When commentators invoke 1929, I am dubious. According to most historians and economists, that depression had more to do with overlarge factory inventories, a stock-market crash, and Germany's inability to pay back war debts, which then led to continuing strain on British gold reserves. None of those factors is really an issue now. Contemporary industries have very sensitive controls for trimming production as consumption declines; our current stock-market dip followed bank problems that emerged more than a year ago; and there are no serious international problems with gold reserves, simply because banks no longer peg their lending to them.Here he is doing what historians do best -- correcting erroneous perceptions of the past and he should be listened to. He then develops an argument that the economic contraction of 1873-77 is a far better point of reference. His analysis is again excellent and I cannot fault him. But then he falls into the classic trap for historians -- he assumes that understanding the past provides a reliable guide to the future. He writes:
Read the whole thing here.If there are lessons from 1873, they are different from those of 1929. Most important, when banks fall on Wall Street, they stop all the traffic on Main Street — for a very long time. The protracted reconstruction of banks in the United States and Europe created widespread unemployment. Unions (previously illegal in much of the world) flourished but were then destroyed by corporate institutions that learned to operate on the edge of the law. In Europe, politicians found their scapegoats in Jews, on the fringes of the economy. (Americans, on the other hand, mostly blamed themselves; many began to embrace what would later be called fundamentalist religion.)

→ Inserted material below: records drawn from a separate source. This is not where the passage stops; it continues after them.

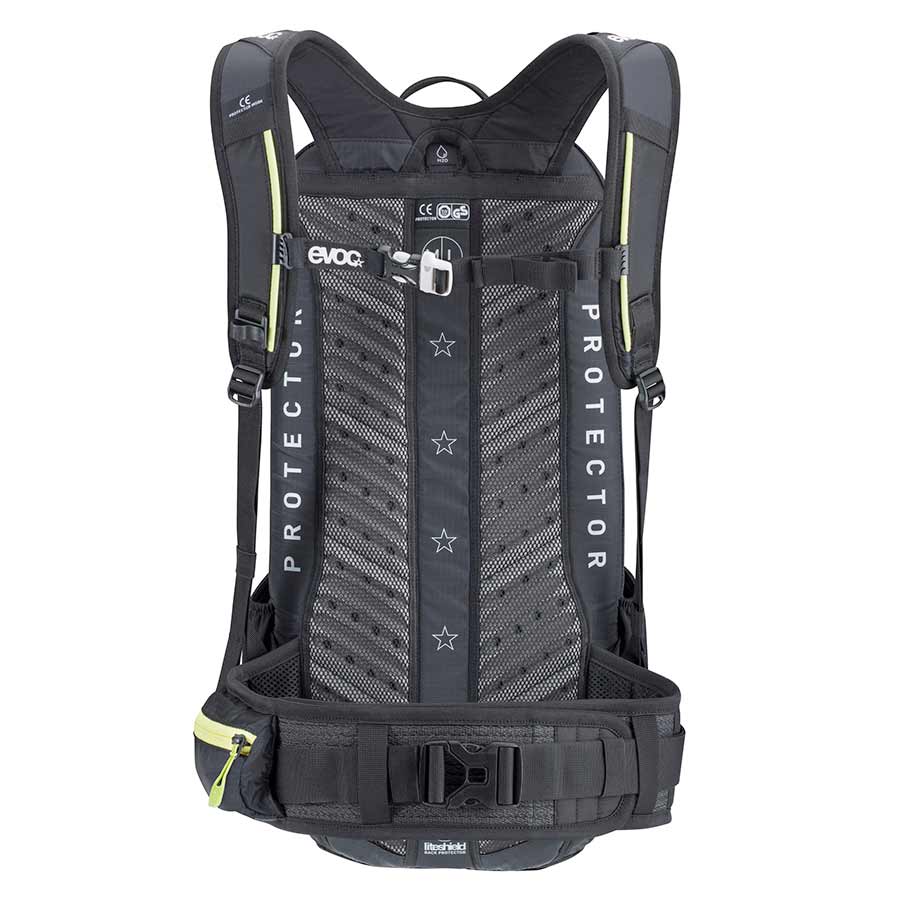 EVOC FR Enduro Blackline Protector 16L Backpack Black ML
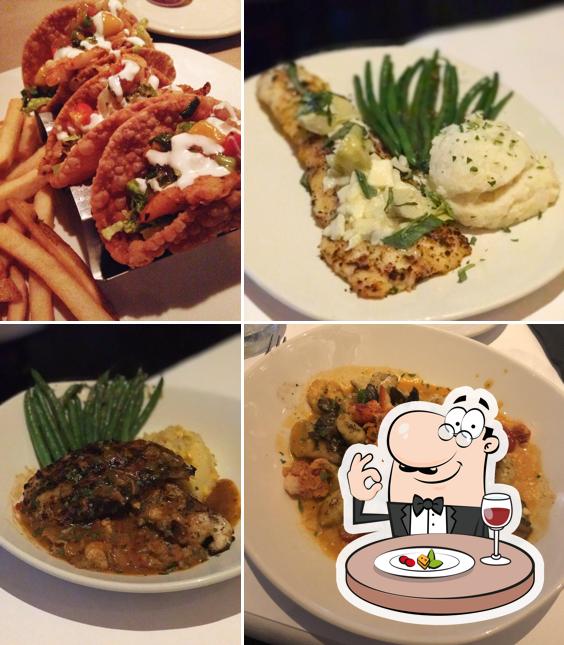 Bonefish Grill in Lakeland Restaurant menu and reviews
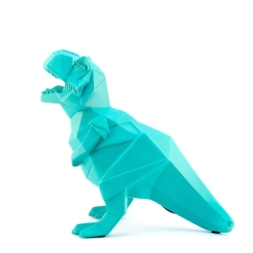 Imagen de Velador Infantil T-rex Origami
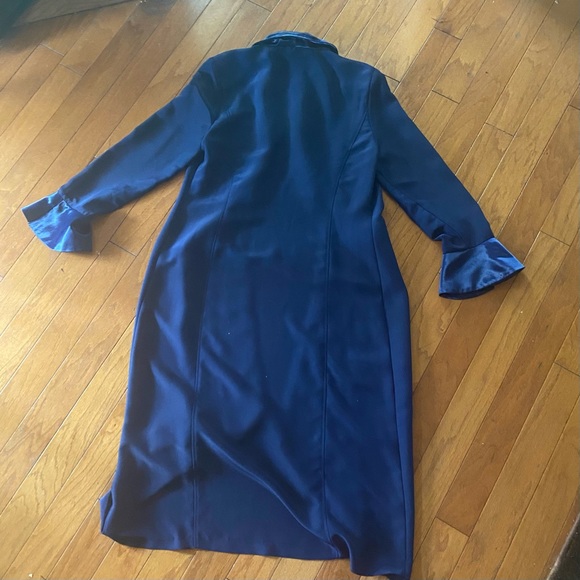 Vintage Christie’s of California Caftan Kimono - Picture 5 of 6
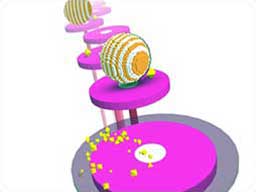 Play Bouncing Marbles Online on Play26.com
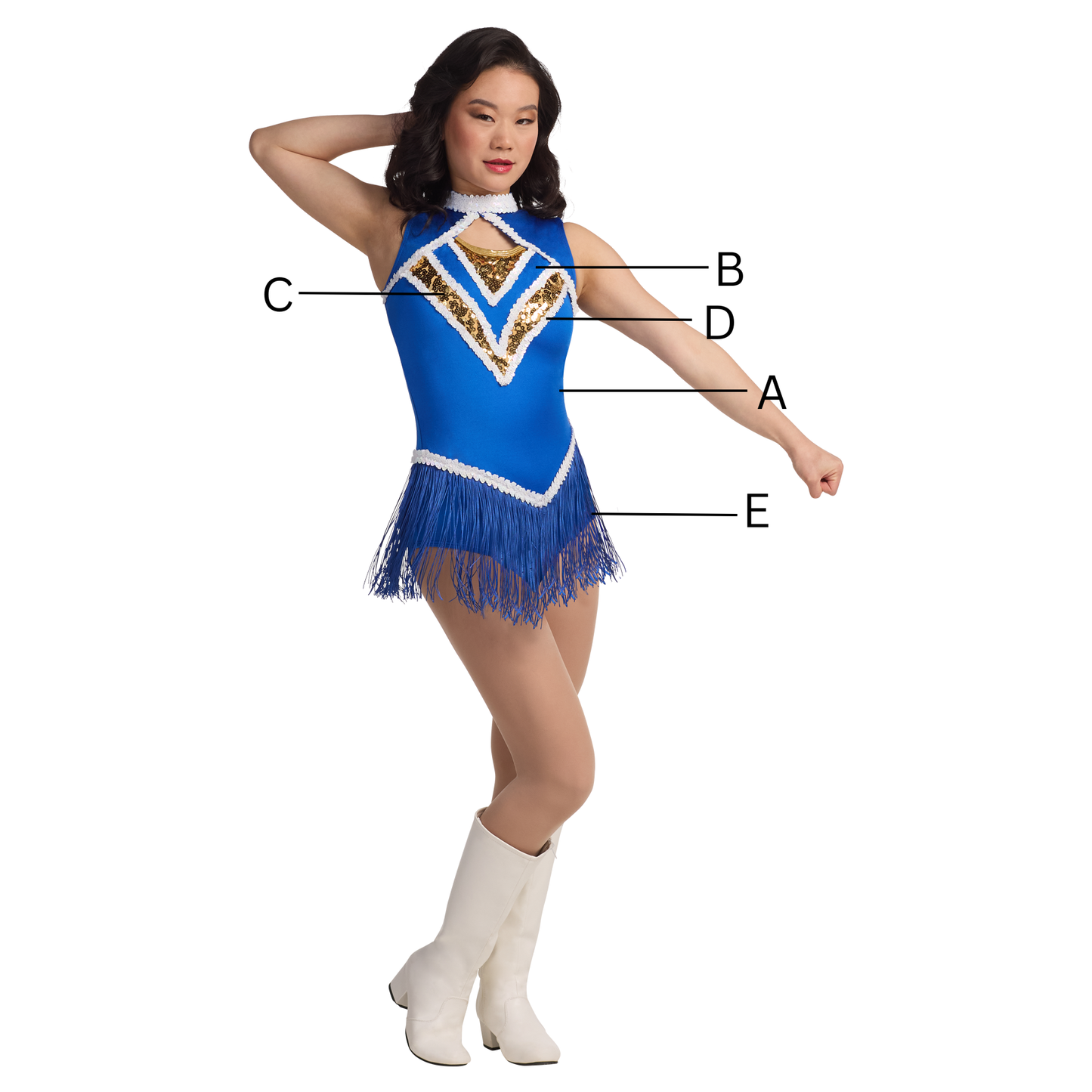 Horizon Leo w/ Fringe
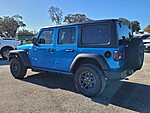 New 2026 JEEP WRANGLER SPORT S 4 DOOR 4X4 in NEW PORT RICHEY, FLORIDA (Photo 5)
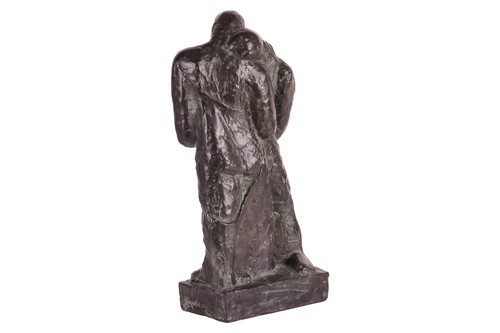 Lot 21 - Margaret Lovell (British b. 1939) The Couple...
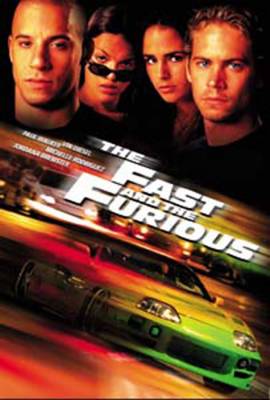 Фильм: Форсаж / The Fast and the Furious (2001)
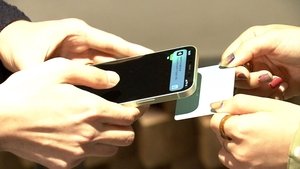 Smartphone-Based Digital Business Cards on the Rise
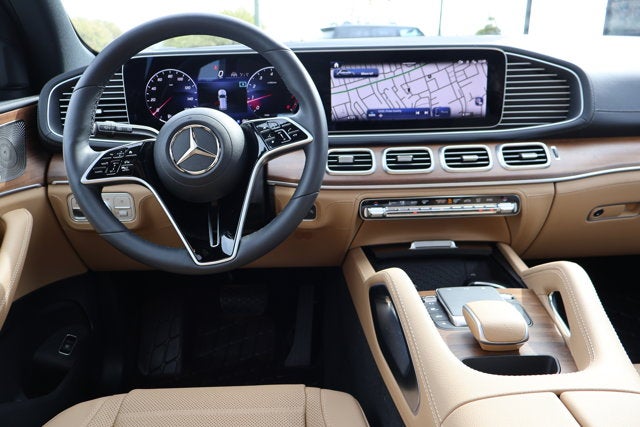 2024 Mercedes-Benz GLE GLE 350W4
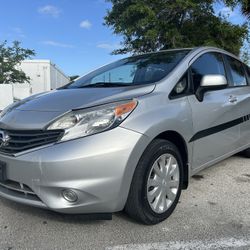 2014 Nissan Versa
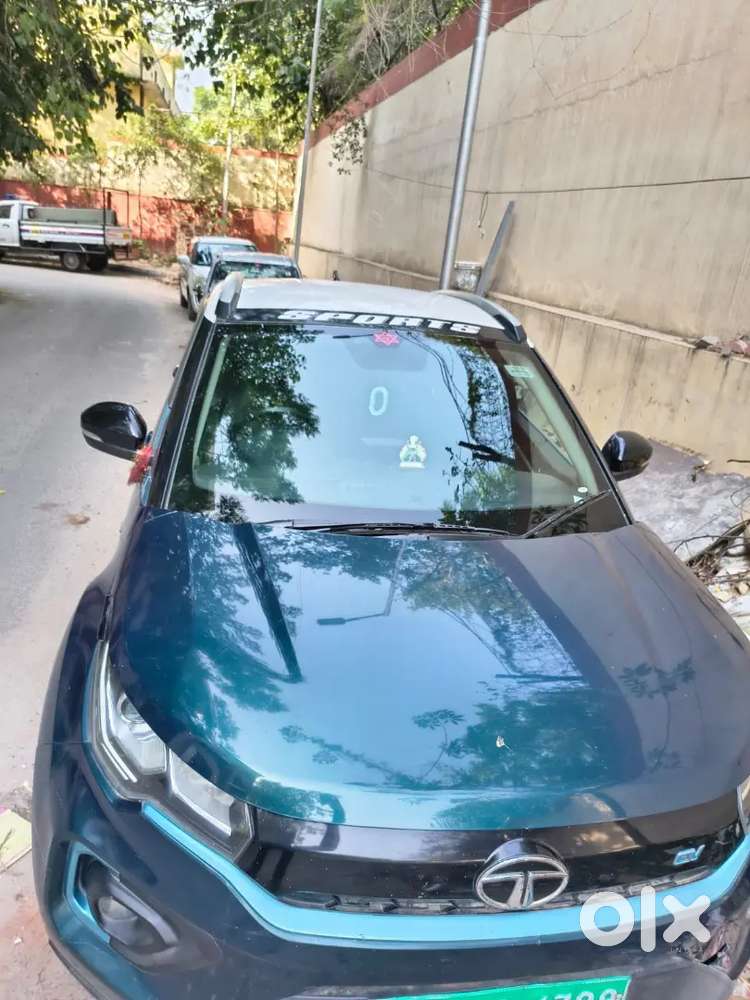 Tata Tigor EV 2023 Automatic jiptron - Photo 1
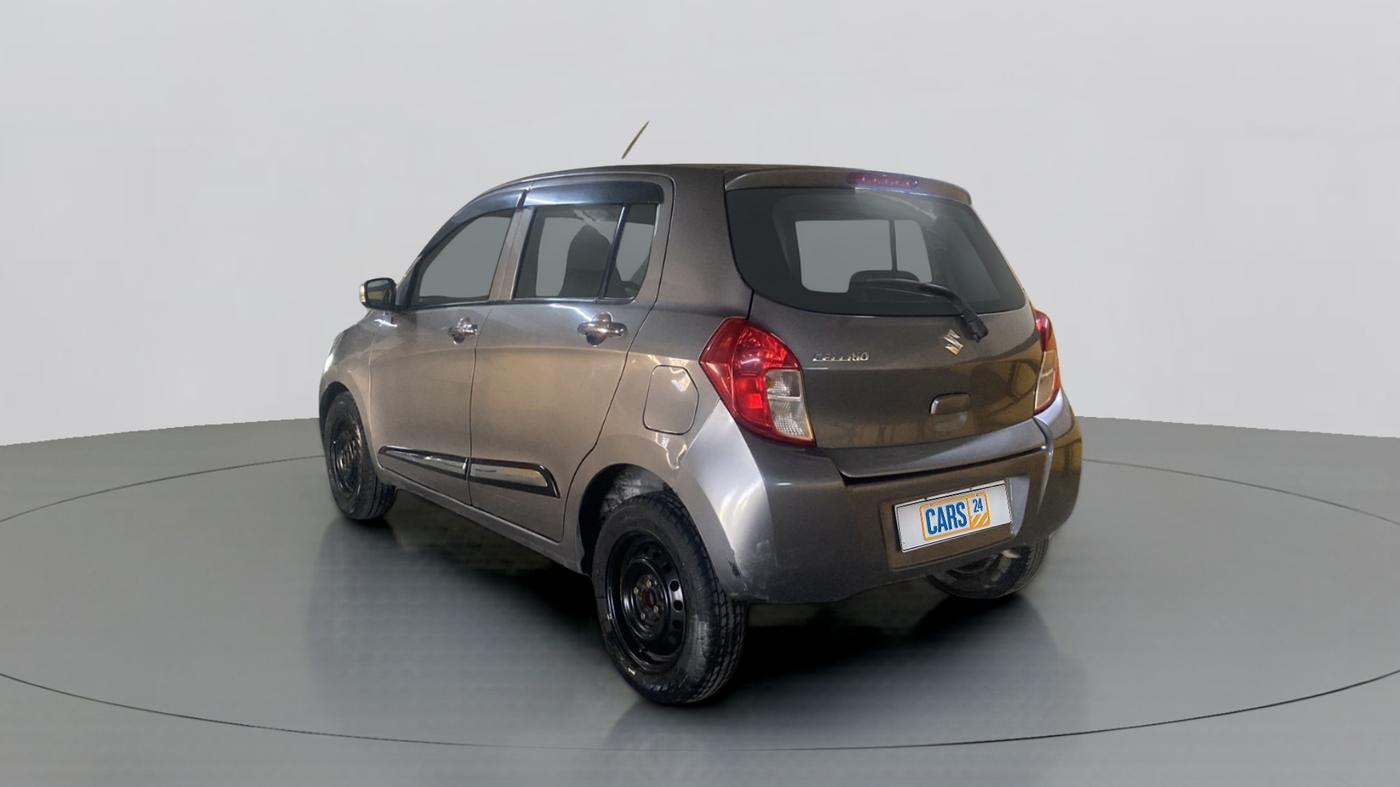 2019 Maruti Celerio ZXI, Petrol, Manual, 38,518 km, Left Back Diagonal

The post-panic winners, even after the bailout, might be those firms — financial and otherwise — that have substantial cash reserves. A widespread consolidation of industries may be on the horizon, along with a nationalistic response of high tariff barriers, a decline in international trade, and scapegoating of immigrant competitors for scarce jobs. The failure in July of the World Trade Organization talks begun in Doha seven years ago suggests a new wave of protectionism may be on the way.
In the end, the Panic of 1873 demonstrated that the center of gravity for the world's credit had shifted west — from Central Europe toward the United States. The current panic suggests a further shift — from the United States to China and India.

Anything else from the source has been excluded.